Extracted material START

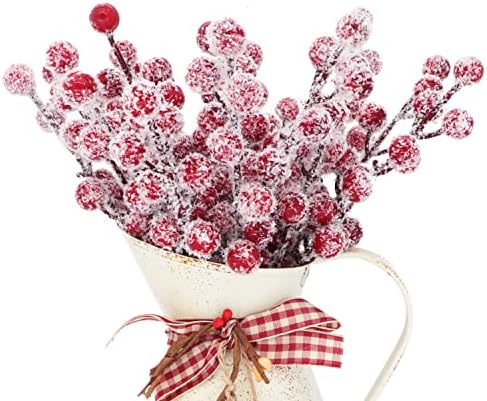 24 Pieces Artificial Holly Berry Stems 9" Christmas Berry Picks Sprays Snowy Fake Red Berries for Xmas Tree Branches Fillers Ornaments Valentine DIY Crafts Wedding Home Party Winter Decor (24, Red)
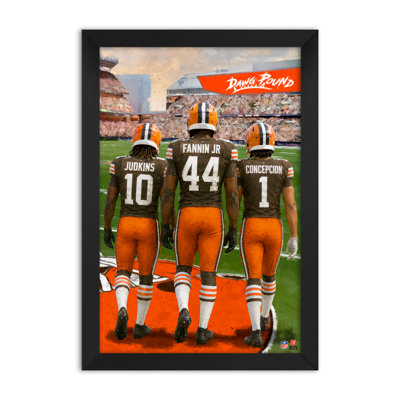 Impression encadrée 3 joueurs des Browns de Cleveland (NFL) - 35,5 x 51 cm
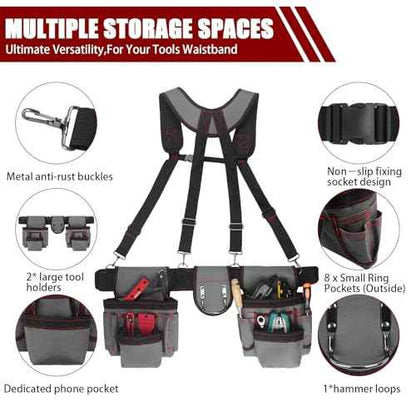 Tool Belt With Suspenders, Heavy Duty Carpenter Tool Belt with 22 Pockets - Adjustable Lightweight Electrician for Construction, Framing, Carpentry Work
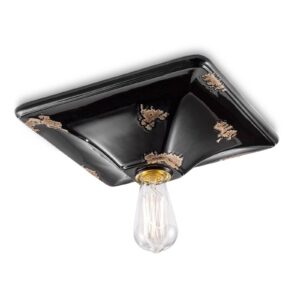 Plafonnier Ferroluce C136 noir en céramique à finition vintage patinée
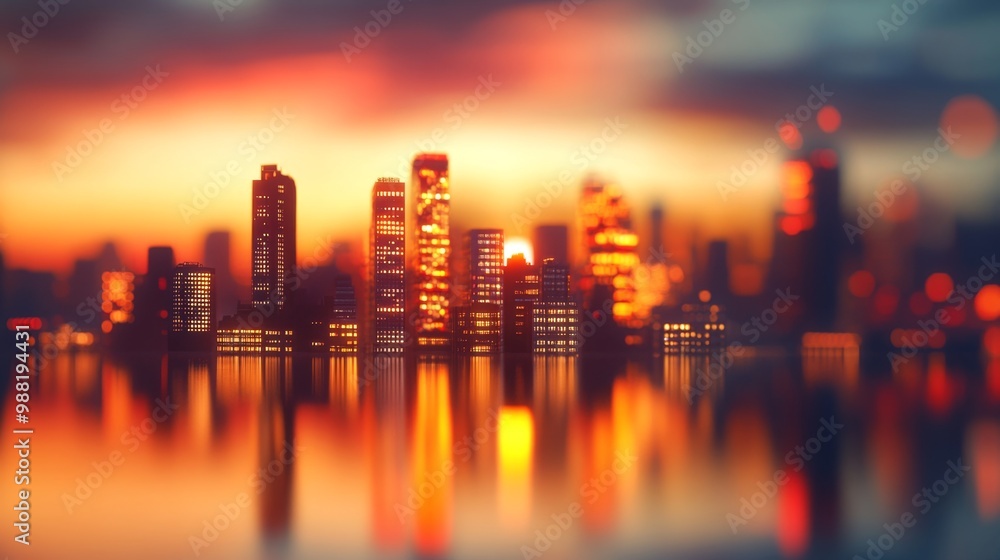 blurred city skyline bathed in the warm glow of a sunset background business concept blurred city skyline bathed in the warm glow of a sunset background business concept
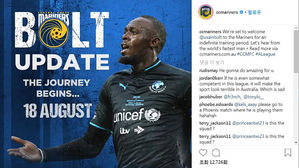 볼트, 멈추지 않는 축구선수 도전…호주팀서 '무기한 훈련'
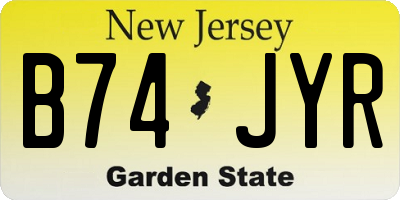 NJ license plate B74JYR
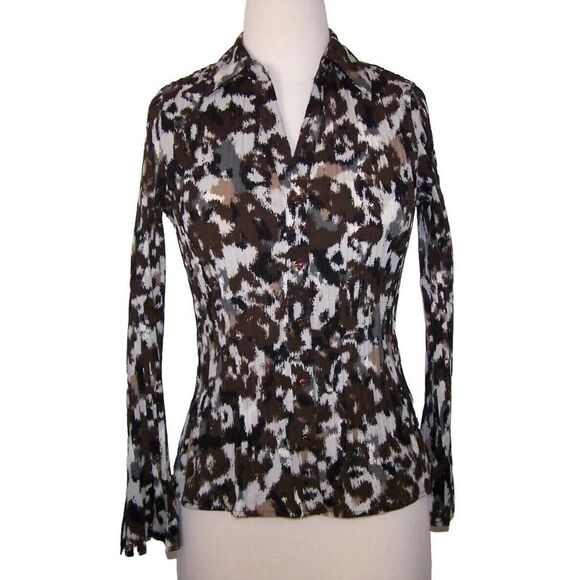 Apt. 9 Shirt Top Blouse PM Stretch Accordion Pleats Long Sleeves Brown Black - Picture 1 of 10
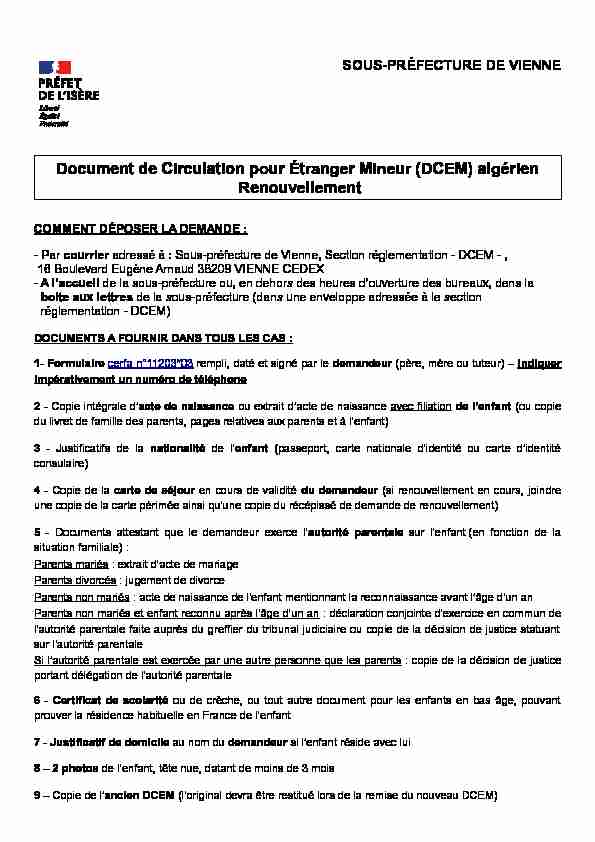 Document de Circulation pour Étranger Mineur (DCEM) algérien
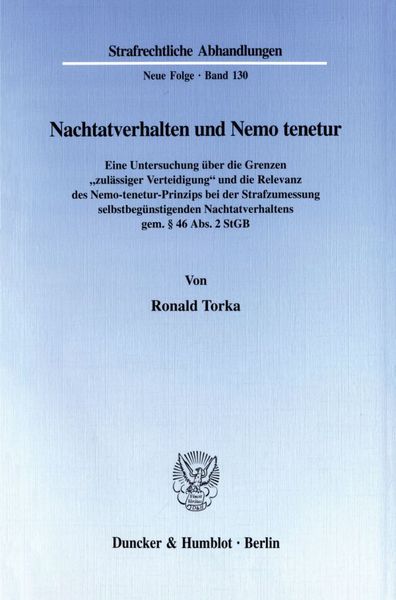 Produktbild: Nachtatverhalten und Nemo tenetur.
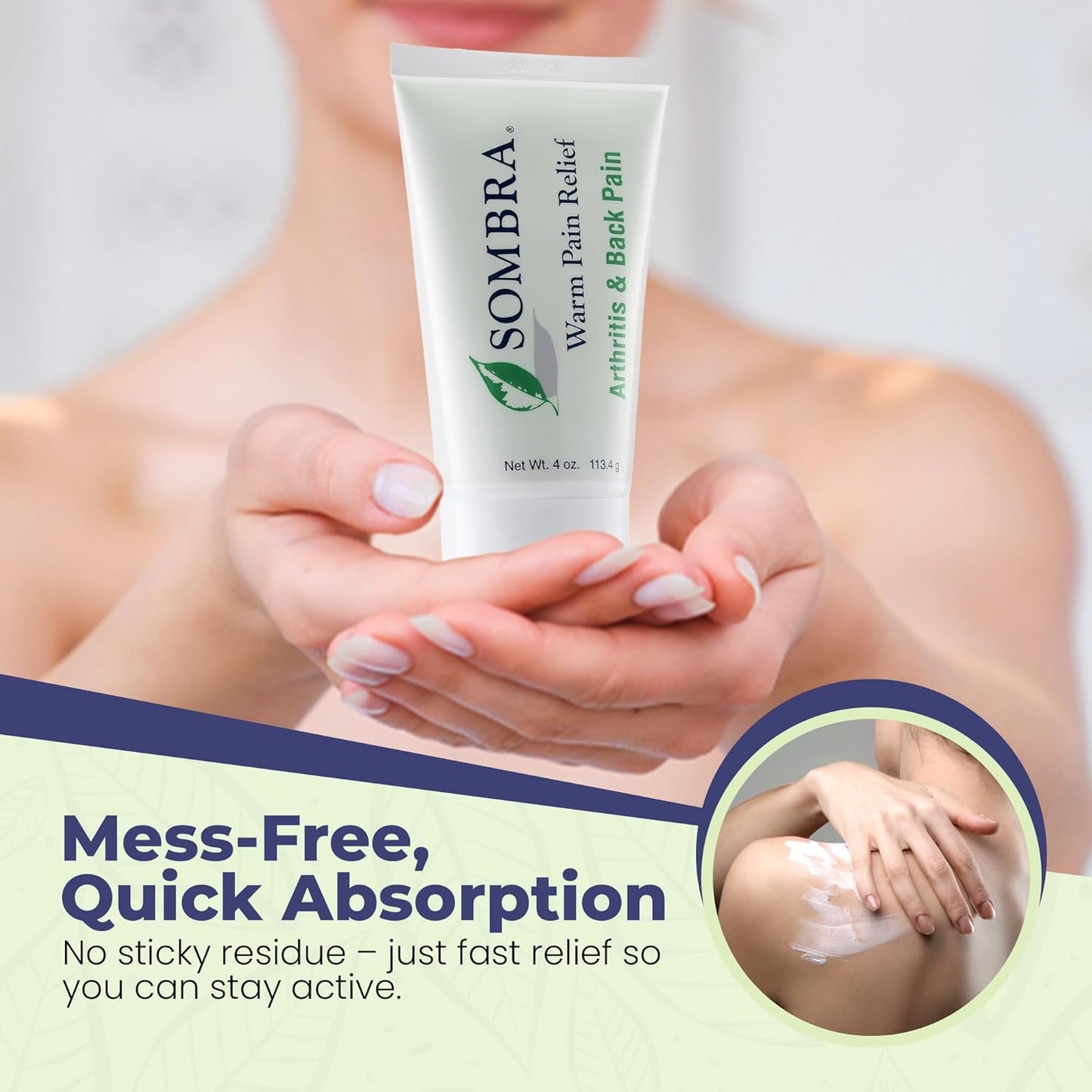 Sombra Warm Pain Relief Gel, Warm Relief for Arthritis and Chronic Pain Pre-Workout Muscle Rub Vegan Formula Free of Artificial Fragrances, Dyes, NSAIDs, Wax, Petroleum, Alcohol - 4oz Tube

Extracted material END

Work instructions: Verbatim output, no pictures: the line holding "NJ license plate B74JYR" and all lines after it through the last line of the material, with nothing else.

Answer for this exercise:
 NJ license plate B74JYR
 Apt. 9 Shirt Top Blouse PM Stretch Accordion Pleats Long Sleeves Brown Black - Picture 1 of 10
 Document de Circulation pour Étranger Mineur (DCEM) algérien
 Produktbild: Nachtatverhalten und Nemo tenetur.
 Sombra Warm Pain Relief Gel, Warm Relief for Arthritis and Chronic Pain Pre-Workout Muscle Rub Vegan Formula Free of Artificial Fragrances, Dyes, NSAIDs, Wax, Petroleum, Alcohol - 4oz Tube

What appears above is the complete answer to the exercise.